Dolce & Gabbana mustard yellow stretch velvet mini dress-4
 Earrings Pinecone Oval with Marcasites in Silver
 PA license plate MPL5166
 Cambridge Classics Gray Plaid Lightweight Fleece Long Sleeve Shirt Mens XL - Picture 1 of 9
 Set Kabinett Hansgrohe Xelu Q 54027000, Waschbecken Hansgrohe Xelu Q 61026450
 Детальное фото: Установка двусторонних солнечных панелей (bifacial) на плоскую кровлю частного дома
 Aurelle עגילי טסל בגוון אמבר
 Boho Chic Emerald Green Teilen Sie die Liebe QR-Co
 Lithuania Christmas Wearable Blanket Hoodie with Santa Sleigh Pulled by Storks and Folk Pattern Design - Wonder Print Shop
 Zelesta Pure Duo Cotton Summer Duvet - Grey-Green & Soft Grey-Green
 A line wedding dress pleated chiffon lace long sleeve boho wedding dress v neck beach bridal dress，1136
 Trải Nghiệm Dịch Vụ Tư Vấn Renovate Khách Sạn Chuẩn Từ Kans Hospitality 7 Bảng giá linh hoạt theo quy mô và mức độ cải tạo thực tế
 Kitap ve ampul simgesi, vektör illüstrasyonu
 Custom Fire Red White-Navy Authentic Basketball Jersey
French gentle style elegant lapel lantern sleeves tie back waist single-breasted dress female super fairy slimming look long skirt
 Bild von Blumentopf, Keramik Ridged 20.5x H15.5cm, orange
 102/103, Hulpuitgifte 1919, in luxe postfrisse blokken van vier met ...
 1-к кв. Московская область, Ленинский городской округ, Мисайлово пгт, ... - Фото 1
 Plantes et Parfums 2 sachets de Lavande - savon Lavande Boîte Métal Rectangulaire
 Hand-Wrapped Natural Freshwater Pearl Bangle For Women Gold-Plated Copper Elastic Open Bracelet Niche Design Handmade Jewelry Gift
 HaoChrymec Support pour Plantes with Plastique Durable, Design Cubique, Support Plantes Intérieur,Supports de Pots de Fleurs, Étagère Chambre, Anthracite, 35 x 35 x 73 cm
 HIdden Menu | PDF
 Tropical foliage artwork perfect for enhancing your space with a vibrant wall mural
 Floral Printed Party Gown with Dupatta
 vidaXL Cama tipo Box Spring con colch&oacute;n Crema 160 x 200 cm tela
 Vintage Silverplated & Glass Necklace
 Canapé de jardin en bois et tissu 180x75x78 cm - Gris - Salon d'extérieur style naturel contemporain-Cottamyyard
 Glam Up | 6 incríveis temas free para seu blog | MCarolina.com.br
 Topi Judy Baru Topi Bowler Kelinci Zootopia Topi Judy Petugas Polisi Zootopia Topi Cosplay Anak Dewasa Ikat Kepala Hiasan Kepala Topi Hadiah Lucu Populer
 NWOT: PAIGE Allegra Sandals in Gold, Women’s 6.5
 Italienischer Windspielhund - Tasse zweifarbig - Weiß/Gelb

::::::::::

- ABOUT THIS TASK -
Go through the records above and copy each one exactly.

- ANSWER SECTION -
Dolce & Gabbana mustard yellow stretch velvet mini dress-4
 Earrings Pinecone Oval with Marcasites in Silver
 PA license plate MPL5166
 Cambridge Classics Gray Plaid Lightweight Fleece Long Sleeve Shirt Mens XL - Picture 1 of 9
 Set Kabinett Hansgrohe Xelu Q 54027000, Waschbecken Hansgrohe Xelu Q 61026450
 Детальное фото: Установка двусторонних солнечных панелей (bifacial) на плоскую кровлю частного дома
 Aurelle עגילי טסל בגוון אמבר
 Boho Chic Emerald Green Teilen Sie die Liebe QR-Co
 Lithuania Christmas Wearable Blanket Hoodie with Santa Sleigh Pulled by Storks and Folk Pattern Design - Wonder Print Shop
 Zelesta Pure Duo Cotton Summer Duvet - Grey-Green & Soft Grey-Green
 A line wedding dress pleated chiffon lace long sleeve boho wedding dress v neck beach bridal dress，1136
 Trải Nghiệm Dịch Vụ Tư Vấn Renovate Khách Sạn Chuẩn Từ Kans Hospitality 7 Bảng giá linh hoạt theo quy mô và mức độ cải tạo thực tế
 Kitap ve ampul simgesi, vektör illüstrasyonu
 Custom Fire Red White-Navy Authentic Basketball Jersey
French gentle style elegant lapel lantern sleeves tie back waist single-breasted dress female super fairy slimming look long skirt
 Bild von Blumentopf, Keramik Ridged 20.5x H15.5cm, orange
 102/103, Hulpuitgifte 1919, in luxe postfrisse blokken van vier met ...
 1-к кв. Московская область, Ленинский городской округ, Мисайлово пгт, ... - Фото 1
 Plantes et Parfums 2 sachets de Lavande - savon Lavande Boîte Métal Rectangulaire
 Hand-Wrapped Natural Freshwater Pearl Bangle For Women Gold-Plated Copper Elastic Open Bracelet Niche Design Handmade Jewelry Gift
 HaoChrymec Support pour Plantes with Plastique Durable, Design Cubique, Support Plantes Intérieur,Supports de Pots de Fleurs, Étagère Chambre, Anthracite, 35 x 35 x 73 cm
 HIdden Menu | PDF
 Tropical foliage artwork perfect for enhancing your space with a vibrant wall mural
 Floral Printed Party Gown with Dupatta
 vidaXL Cama tipo Box Spring con colch&oacute;n Crema 160 x 200 cm tela
 Vintage Silverplated & Glass Necklace
 Canapé de jardin en bois et tissu 180x75x78 cm - Gris - Salon d'extérieur style naturel contemporain-Cottamyyard
 Glam Up | 6 incríveis temas free para seu blog | MCarolina.com.br
 Topi Judy Baru Topi Bowler Kelinci Zootopia Topi Judy Petugas Polisi Zootopia Topi Cosplay Anak Dewasa Ikat Kepala Hiasan Kepala Topi Hadiah Lucu Populer
 NWOT: PAIGE Allegra Sandals in Gold, Women’s 6.5
 Italienischer Windspielhund - Tasse zweifarbig - Weiß/Gelb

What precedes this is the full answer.